Такое отождествление понятий «труд» и «мука» закономерно и оправдано всем ходом истории. Оно особенно понятно нам – пленягам. Ведь радостен и благороден только свободный труд. Рабский труд – мука, наказание, каторга.
Самая тяжелая работа легка, когда видишь пользу, которую приносишь обществу, народу, отчизне. Но какая мука сознавать, что каждый взмах твоего молотка – удар в спину брата. Мысль эта жесточе голода и побоев.
«Räder müssen rollen für den Sieg!»423 – кричат фашистские плакаты на всех стенках и заборах.
[Далее в оригинале отсутствует страница.]
– Гляубе ништ424.
– Дох! Дас виссен, алле майне арбайтскамраден425 (это он обоих рабочих назвал товарищами по труду!).

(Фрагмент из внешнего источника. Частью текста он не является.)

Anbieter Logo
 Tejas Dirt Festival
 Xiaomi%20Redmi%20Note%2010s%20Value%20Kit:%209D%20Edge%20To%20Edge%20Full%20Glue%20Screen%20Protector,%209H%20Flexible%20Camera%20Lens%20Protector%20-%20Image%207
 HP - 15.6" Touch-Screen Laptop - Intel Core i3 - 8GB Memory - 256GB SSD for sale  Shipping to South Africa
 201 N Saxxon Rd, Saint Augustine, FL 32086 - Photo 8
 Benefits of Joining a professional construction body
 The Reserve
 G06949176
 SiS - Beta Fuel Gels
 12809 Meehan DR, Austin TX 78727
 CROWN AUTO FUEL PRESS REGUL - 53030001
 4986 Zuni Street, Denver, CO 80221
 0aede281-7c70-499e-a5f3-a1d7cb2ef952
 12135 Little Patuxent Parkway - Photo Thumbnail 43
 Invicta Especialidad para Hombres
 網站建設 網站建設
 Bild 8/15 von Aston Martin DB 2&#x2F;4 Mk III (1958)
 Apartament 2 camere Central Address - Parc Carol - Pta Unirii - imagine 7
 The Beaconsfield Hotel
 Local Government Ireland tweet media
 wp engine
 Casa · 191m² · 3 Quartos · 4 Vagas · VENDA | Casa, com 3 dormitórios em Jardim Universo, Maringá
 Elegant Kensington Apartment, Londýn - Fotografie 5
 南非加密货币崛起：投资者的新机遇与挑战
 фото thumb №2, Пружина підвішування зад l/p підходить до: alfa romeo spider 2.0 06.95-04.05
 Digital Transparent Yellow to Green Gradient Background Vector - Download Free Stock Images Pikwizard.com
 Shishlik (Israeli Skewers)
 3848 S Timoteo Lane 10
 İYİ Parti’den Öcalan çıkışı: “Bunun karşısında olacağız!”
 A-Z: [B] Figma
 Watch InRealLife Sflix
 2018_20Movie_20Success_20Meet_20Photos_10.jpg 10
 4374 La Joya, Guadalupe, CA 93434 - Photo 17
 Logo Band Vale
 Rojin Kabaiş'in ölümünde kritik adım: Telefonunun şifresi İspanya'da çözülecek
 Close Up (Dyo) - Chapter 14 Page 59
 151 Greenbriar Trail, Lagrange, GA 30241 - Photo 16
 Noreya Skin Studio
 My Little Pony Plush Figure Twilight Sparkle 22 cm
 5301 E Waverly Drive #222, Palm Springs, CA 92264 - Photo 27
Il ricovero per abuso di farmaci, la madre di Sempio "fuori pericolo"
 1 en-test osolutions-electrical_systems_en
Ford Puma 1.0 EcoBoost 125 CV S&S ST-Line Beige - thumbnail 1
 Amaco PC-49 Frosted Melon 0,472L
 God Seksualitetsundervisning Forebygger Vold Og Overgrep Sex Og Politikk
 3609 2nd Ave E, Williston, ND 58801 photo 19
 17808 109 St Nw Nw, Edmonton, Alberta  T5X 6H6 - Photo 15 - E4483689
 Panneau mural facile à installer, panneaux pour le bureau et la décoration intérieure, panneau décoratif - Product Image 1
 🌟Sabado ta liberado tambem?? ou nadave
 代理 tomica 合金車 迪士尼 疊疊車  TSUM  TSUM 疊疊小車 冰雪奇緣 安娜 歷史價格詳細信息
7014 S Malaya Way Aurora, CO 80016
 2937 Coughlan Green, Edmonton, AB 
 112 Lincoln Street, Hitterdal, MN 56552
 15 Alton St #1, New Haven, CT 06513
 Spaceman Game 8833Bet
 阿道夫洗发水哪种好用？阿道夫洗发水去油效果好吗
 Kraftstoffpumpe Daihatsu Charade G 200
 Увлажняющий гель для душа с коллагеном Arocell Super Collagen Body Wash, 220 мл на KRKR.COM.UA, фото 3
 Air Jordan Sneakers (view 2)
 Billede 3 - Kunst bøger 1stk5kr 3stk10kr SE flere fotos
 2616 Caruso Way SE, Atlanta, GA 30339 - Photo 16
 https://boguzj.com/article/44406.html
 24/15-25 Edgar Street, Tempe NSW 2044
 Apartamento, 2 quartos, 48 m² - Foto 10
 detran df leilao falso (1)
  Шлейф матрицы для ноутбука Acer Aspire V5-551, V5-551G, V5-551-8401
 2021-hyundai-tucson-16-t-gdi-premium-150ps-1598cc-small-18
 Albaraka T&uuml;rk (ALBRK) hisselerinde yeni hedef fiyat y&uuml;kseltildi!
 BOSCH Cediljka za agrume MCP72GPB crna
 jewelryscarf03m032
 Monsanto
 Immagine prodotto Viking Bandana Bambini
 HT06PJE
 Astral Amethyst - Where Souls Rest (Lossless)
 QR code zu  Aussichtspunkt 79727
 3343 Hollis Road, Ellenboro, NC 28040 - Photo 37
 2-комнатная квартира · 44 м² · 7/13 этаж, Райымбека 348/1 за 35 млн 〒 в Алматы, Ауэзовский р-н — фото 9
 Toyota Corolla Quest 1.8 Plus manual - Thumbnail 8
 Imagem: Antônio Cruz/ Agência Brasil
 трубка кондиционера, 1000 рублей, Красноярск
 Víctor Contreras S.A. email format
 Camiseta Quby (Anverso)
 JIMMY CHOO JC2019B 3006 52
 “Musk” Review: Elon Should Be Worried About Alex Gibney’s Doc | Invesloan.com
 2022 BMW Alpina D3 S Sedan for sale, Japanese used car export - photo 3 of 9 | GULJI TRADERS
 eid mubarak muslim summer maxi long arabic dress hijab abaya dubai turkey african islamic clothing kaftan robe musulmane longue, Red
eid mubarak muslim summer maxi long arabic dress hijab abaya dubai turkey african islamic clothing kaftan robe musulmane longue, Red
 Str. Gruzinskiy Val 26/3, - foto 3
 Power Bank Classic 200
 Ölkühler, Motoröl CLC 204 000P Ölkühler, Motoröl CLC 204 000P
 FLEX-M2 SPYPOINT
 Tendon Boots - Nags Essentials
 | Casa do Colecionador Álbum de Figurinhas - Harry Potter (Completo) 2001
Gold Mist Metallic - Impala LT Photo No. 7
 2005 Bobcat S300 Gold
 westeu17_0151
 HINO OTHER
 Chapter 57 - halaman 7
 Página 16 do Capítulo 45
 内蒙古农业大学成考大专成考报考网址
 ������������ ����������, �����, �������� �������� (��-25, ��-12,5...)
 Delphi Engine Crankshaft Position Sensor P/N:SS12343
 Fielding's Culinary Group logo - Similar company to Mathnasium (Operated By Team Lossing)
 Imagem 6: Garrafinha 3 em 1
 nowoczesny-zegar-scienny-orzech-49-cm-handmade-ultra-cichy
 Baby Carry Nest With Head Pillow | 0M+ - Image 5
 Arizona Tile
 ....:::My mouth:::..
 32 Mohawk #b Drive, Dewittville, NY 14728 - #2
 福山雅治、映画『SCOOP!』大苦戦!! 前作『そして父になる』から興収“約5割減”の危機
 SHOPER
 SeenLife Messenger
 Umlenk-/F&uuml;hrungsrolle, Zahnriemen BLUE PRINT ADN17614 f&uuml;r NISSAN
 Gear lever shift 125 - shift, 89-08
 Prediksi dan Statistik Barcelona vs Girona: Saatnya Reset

– Я, я, – согласно поддакнули Монн и Кайдль (попробуй не поддакнуть, мигом за Можай загонит).
– Абер, герр шеф, эссен ист ништ гут унд аух цу венишь426.
– Хальте мауль! – взревел Дике швайн. – Фердаммте керль, ду вирст цу фреш. Зофорт ин целле, унд нексте драй таге хальбрацион брот унд кайне зуппе427.
В 5 часов вечера выгнали нас во двор, построили «драй-унд-драй» и под усиленным конвоем вывели на улицу. На каждом углу рогатый шупо (каска с «рогом» впереди, на роге Adler и Hakenkreuz)428, вдоль тротуаров прохаживаются гештаповские агенты.
Куда ведут? Зачем?
Нам все равно, эгаль и вшистко едно429. Не вперед, а вниз обращены наши взоры. Здесь, на мостовой, можно наловить бычков, счастливчику иногда удается схватить почти целую сигарету.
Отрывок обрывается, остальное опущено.